Use namedtuple for namespace qualifiers in XML attributes
We should expose the namespace (prefix, uri) qualifiers of XML attributes in the xml.Node.attributes parameter in a more structured manner, perhaps with the use of namedtuples? Right now the namespace prefix is encoded as part of the attribute name, with no option to declare the namespace uri. But it we change the signature to accept namedtuples:
class Node():
def __init__(self, tag: str, nsdefs: list[(?str,str)]=[], prefix: ?str=None,
attributes: list[((name: str, prefix: ?str, uri: ?str), value: ?str)]=[], children: list[Node]=[], text: ?str=None, tail: ?str=None):
Then when encoding an XML, the encoder would keep track of active namespace definitions on the ancestor nodes and then:
- if this is a new namespace not defined in any of the ancestors include the explicit namespace definition in the node that contains the attribute, like
<node xmlns:foo="foo" foo:attr="val /> - if this namespace is defined in an ancestor node, reuse the existing explicit prefix, like
<ancestor xmlns:foo="foo"><node foo:attr="val" /></ancestor>- unless the containing xml.Node has a redundant (repeated) explicit namespace definition in its nsdefs, then declare the explicit namespace prefix again, like
<ancestor xmlns:foo="foo"><node xmlns:foo="foo" foo:attr="val" /></ancestor>
- unless the containing xml.Node has a redundant (repeated) explicit namespace definition in its nsdefs, then declare the explicit namespace prefix again, like
An alternative to named tuples is to use a class QName (other XML libs call it QName), but namedtuples seem simpler and thus more appealing.

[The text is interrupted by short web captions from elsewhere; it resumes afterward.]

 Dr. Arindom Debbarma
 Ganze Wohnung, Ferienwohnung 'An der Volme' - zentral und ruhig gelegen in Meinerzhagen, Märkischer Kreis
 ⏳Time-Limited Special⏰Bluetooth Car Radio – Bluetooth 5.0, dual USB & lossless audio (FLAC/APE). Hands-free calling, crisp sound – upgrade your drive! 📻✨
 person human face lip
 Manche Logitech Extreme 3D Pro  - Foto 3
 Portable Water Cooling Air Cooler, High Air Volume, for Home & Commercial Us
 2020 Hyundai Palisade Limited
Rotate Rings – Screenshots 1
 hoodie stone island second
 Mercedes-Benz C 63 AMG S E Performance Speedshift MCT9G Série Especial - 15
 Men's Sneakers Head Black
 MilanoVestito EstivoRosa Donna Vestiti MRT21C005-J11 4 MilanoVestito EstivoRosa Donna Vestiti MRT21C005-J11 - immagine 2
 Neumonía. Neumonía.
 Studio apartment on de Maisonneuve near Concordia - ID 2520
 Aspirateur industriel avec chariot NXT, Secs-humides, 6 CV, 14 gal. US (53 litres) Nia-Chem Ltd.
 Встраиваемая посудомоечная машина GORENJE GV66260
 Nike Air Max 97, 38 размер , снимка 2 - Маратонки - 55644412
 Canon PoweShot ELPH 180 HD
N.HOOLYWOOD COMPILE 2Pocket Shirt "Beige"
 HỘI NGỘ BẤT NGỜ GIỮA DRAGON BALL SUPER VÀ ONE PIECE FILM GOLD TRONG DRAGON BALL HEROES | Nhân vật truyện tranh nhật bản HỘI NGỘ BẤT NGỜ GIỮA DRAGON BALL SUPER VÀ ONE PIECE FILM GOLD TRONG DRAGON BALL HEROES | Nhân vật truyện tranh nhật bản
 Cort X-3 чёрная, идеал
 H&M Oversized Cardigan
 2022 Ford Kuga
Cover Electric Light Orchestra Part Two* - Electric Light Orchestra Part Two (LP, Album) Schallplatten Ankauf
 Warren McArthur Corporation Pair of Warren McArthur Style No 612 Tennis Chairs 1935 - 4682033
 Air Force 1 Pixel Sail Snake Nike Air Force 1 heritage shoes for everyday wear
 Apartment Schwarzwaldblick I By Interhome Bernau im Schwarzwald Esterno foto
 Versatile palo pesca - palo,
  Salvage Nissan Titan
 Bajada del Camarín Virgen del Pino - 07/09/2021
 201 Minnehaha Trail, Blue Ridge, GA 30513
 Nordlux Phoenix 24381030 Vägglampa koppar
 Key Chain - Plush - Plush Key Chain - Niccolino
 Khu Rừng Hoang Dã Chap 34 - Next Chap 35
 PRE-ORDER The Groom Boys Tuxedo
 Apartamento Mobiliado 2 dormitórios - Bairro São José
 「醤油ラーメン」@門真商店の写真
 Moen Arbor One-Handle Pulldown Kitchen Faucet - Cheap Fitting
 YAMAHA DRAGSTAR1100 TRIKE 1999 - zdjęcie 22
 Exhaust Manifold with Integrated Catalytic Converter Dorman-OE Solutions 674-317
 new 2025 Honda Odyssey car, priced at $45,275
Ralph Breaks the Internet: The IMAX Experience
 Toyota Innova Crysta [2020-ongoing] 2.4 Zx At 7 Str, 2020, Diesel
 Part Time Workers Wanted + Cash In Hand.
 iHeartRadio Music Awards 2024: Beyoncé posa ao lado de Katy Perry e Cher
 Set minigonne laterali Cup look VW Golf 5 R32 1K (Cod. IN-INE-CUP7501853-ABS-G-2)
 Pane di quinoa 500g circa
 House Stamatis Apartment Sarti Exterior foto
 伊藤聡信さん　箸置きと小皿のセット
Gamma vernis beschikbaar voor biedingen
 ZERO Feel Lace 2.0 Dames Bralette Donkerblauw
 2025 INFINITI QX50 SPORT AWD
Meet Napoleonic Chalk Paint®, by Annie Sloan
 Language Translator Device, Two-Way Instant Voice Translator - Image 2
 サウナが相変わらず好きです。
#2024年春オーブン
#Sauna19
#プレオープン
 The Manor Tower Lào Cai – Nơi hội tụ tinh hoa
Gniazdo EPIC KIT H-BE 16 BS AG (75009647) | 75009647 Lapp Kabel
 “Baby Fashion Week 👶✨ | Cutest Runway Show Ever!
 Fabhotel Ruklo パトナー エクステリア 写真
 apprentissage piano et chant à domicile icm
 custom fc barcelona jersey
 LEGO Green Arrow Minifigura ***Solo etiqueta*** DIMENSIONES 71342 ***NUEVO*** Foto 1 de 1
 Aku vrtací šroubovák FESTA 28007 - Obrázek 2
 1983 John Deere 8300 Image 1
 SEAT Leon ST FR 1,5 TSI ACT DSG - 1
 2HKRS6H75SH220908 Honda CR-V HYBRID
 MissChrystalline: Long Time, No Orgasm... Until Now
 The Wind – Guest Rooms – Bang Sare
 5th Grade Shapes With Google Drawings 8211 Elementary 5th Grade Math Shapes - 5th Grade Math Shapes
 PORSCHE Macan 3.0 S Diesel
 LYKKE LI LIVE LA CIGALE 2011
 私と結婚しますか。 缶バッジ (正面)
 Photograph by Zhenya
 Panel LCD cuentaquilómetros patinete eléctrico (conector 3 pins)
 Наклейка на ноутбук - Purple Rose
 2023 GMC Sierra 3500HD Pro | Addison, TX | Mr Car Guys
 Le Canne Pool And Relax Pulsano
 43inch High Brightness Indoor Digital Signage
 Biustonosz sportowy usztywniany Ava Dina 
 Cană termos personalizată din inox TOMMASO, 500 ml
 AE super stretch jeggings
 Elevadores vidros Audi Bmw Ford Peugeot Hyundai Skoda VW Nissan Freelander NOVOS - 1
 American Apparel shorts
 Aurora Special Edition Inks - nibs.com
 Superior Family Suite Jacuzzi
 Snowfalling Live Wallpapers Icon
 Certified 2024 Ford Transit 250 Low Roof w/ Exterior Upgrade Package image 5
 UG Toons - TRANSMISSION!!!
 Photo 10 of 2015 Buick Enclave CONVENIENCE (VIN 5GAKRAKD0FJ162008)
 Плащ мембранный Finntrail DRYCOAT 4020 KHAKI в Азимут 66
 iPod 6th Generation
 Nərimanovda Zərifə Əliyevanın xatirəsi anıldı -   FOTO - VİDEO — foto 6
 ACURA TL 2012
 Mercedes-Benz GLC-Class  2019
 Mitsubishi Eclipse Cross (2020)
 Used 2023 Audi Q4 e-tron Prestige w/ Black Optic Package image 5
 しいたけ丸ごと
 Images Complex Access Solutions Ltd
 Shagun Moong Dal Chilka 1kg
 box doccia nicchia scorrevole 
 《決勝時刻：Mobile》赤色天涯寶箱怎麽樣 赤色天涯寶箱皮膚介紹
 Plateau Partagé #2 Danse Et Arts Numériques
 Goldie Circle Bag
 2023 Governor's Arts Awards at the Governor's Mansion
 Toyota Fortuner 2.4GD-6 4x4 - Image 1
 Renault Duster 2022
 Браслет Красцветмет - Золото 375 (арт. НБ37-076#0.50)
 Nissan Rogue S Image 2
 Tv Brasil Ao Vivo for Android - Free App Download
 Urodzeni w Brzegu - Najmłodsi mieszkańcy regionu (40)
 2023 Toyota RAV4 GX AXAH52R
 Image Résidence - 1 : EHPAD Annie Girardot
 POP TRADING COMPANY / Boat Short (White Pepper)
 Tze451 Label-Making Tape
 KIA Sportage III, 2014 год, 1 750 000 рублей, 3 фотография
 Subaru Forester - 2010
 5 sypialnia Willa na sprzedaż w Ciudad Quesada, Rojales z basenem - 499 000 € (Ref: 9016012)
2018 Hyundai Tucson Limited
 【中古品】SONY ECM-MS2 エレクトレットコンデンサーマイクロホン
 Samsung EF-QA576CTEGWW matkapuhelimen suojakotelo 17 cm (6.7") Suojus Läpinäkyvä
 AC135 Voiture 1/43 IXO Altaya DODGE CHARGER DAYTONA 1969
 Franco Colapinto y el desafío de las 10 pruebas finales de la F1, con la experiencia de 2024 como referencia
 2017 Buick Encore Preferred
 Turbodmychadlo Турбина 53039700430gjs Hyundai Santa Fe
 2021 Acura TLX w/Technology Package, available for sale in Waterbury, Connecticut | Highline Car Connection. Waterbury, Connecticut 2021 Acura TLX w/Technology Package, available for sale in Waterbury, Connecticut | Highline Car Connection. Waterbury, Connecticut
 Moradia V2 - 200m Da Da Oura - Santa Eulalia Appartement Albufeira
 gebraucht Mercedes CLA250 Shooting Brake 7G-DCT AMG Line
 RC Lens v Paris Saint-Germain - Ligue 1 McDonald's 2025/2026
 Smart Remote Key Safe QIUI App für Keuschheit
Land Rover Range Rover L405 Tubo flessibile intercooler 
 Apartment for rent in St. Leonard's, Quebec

Another variant for the structure itself could be:
attributes: list[(name: str, value: ?str, uri: ?str, prefix: ?str)
since name is mandatory, it comes first, then value which is very likely to be set and only then do you add on uri and prefix, if used. This way we don't have to do a nested tupled that mimics a QName class but can keep it a little flatter. WDYT?